Short descriptive text snippets

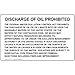 ComplianceSigns.com Discharge Of Oil Prohibited Sign, 8x5 inch Aluminum for Recreation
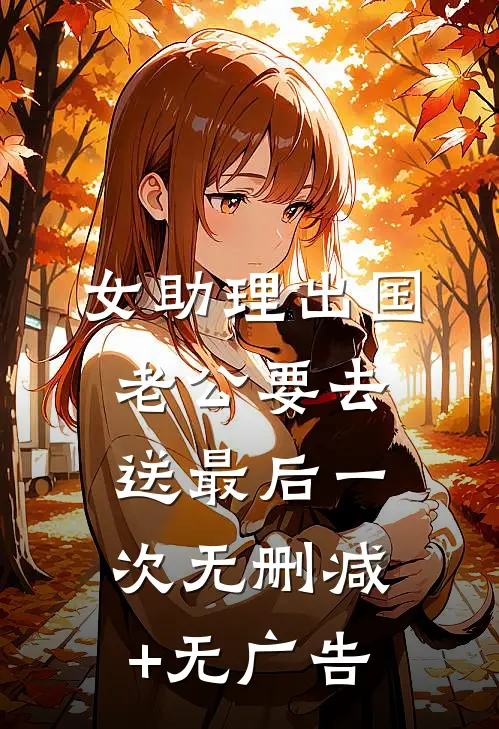 女助理出国，老公要去送最后一次无删减+无广告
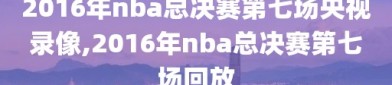 2016年nba总决赛第七场央视录像,2016年nba总决赛第七场回放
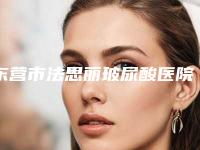 东营市法思丽玻尿酸医院在榜清单top10强好评多(东营市芮颜健康管理实力入围)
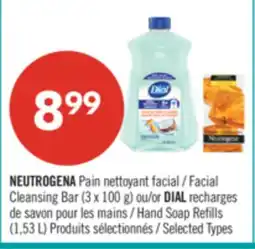 Pharmaprix NEUTROGENA Pain Facial Cleansing Bar (3 x 100 g) or DIAL Hand Soap Refills (1,53 L) offer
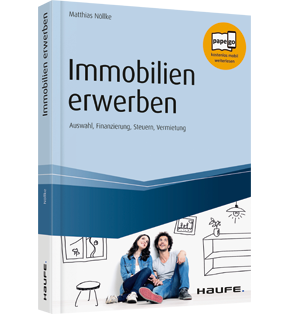 Immobilien erwerben - Auswahl, Finanzierung, Steuern, Vermietung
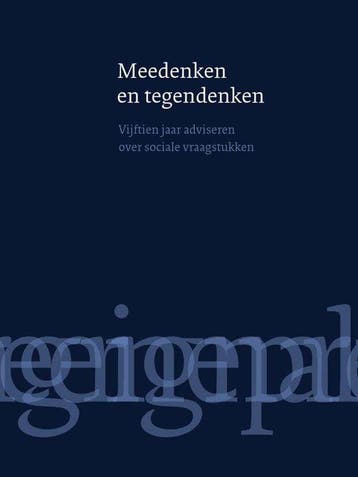 Meedenken en tegendenken: vijftien jaar adviseren over, Verzenden, Gelezen
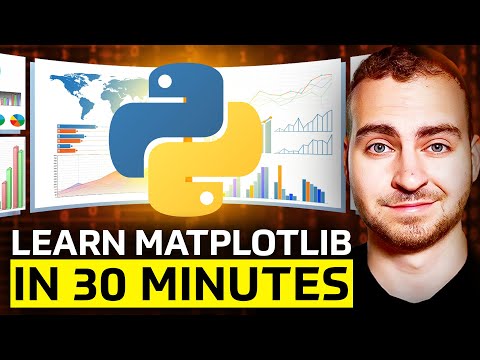Learn Matplotlib in 30 Minutes - Python Matplotlib Tutorial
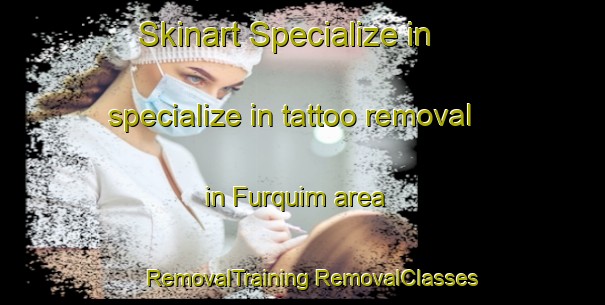 Skinart Specialize in specialize in tattoo removal in Furquim area | #RemovalTraining #RemovalClasses #SkinartTraining-Brazil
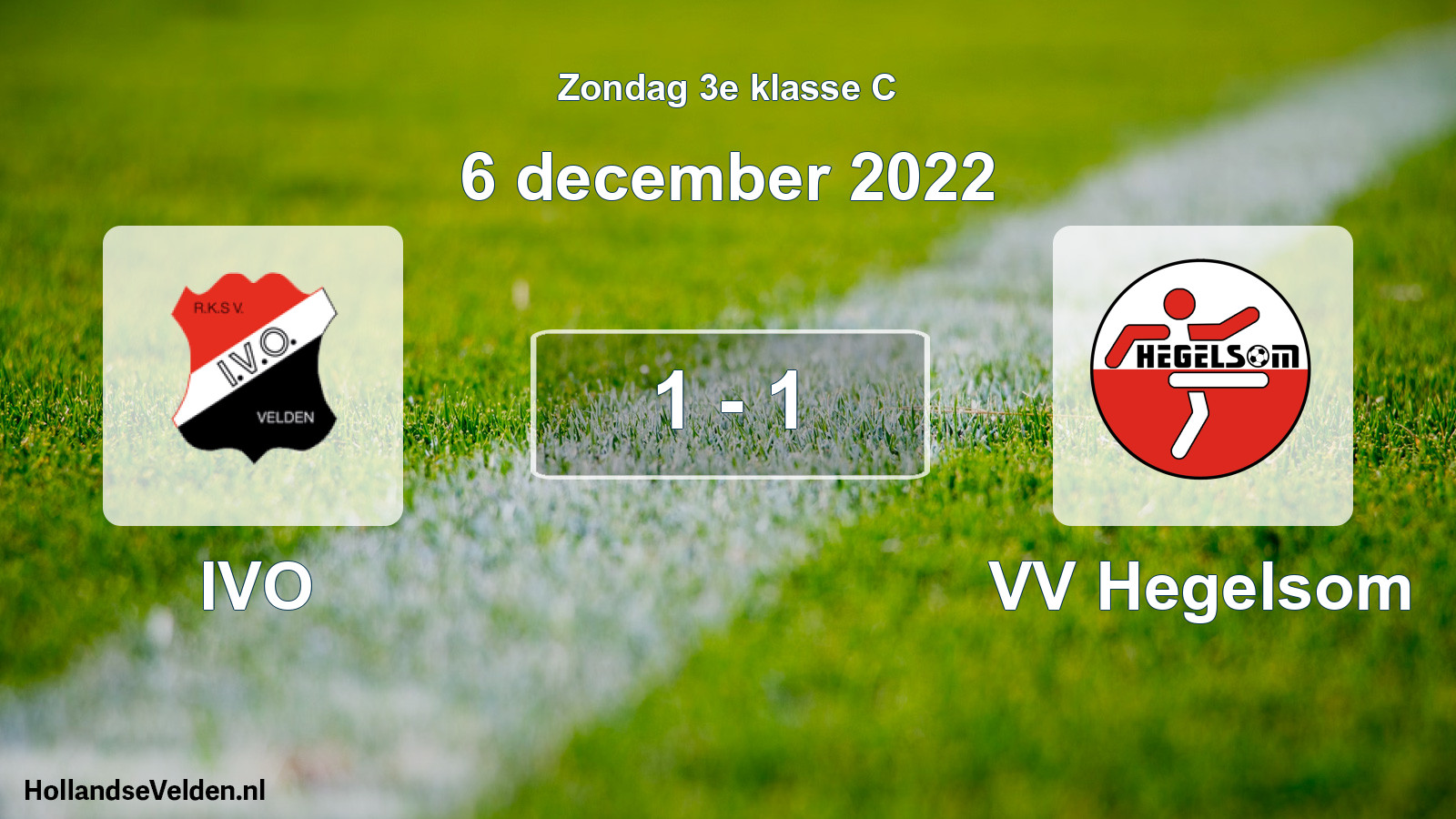 Total number of matches played: IVO - VV Hegelsom 1 - 1 (6 December 2022)
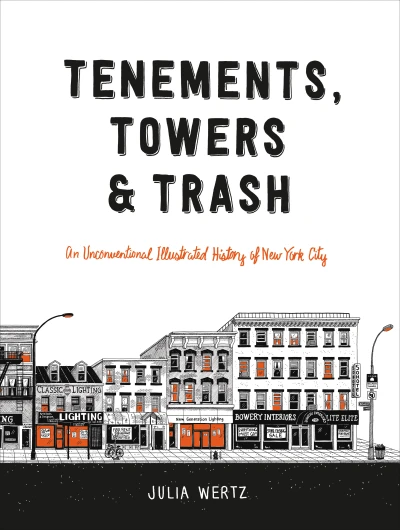 Tenements, Towers & Trash: An Unconventional Illustrated History of New York City (2018) - Series 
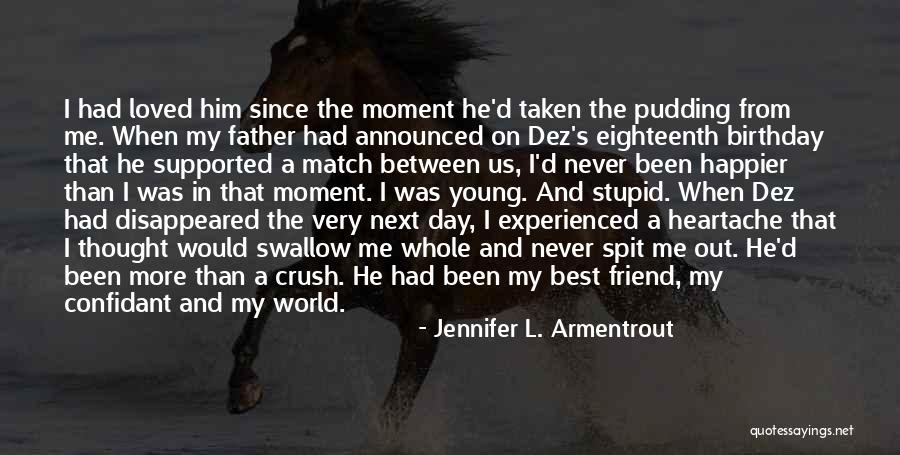 Eighteenth Birthday Quotes By Jennifer L. Armentrout Eighteenth Birthday Quotes By Jennifer L. Armentrout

**Exercise details:**
The lines to return run from the line containing "Immobilien erwerben - Auswahl, Finanzierung, Steuern, Vermietung" through the last line of the records. Give them exactly, omitting pictures.

**Exercise answer:**
 Immobilien erwerben - Auswahl, Finanzierung, Steuern, Vermietung
 Meedenken en tegendenken: vijftien jaar adviseren over, Verzenden, Gelezen
Learn Matplotlib in 30 Minutes - Python Matplotlib Tutorial
 Skinart Specialize in specialize in tattoo removal in Furquim area | #RemovalTraining #RemovalClasses #SkinartTraining-Brazil
 Total number of matches played: IVO - VV Hegelsom 1 - 1 (6 December 2022)
 Tenements, Towers & Trash: An Unconventional Illustrated History of New York City (2018) - Series 
 Eighteenth Birthday Quotes By Jennifer L. Armentrout Eighteenth Birthday Quotes By Jennifer L. Armentrout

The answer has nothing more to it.